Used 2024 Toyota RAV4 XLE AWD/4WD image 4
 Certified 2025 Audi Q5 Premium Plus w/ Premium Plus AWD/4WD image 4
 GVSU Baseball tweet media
════
**Your instructions**
Return each line above exactly.

**Written answer**
Used 2024 Toyota RAV4 XLE AWD/4WD image 4
 Certified 2025 Audi Q5 Premium Plus w/ Premium Plus AWD/4WD image 4
 GVSU Baseball tweet media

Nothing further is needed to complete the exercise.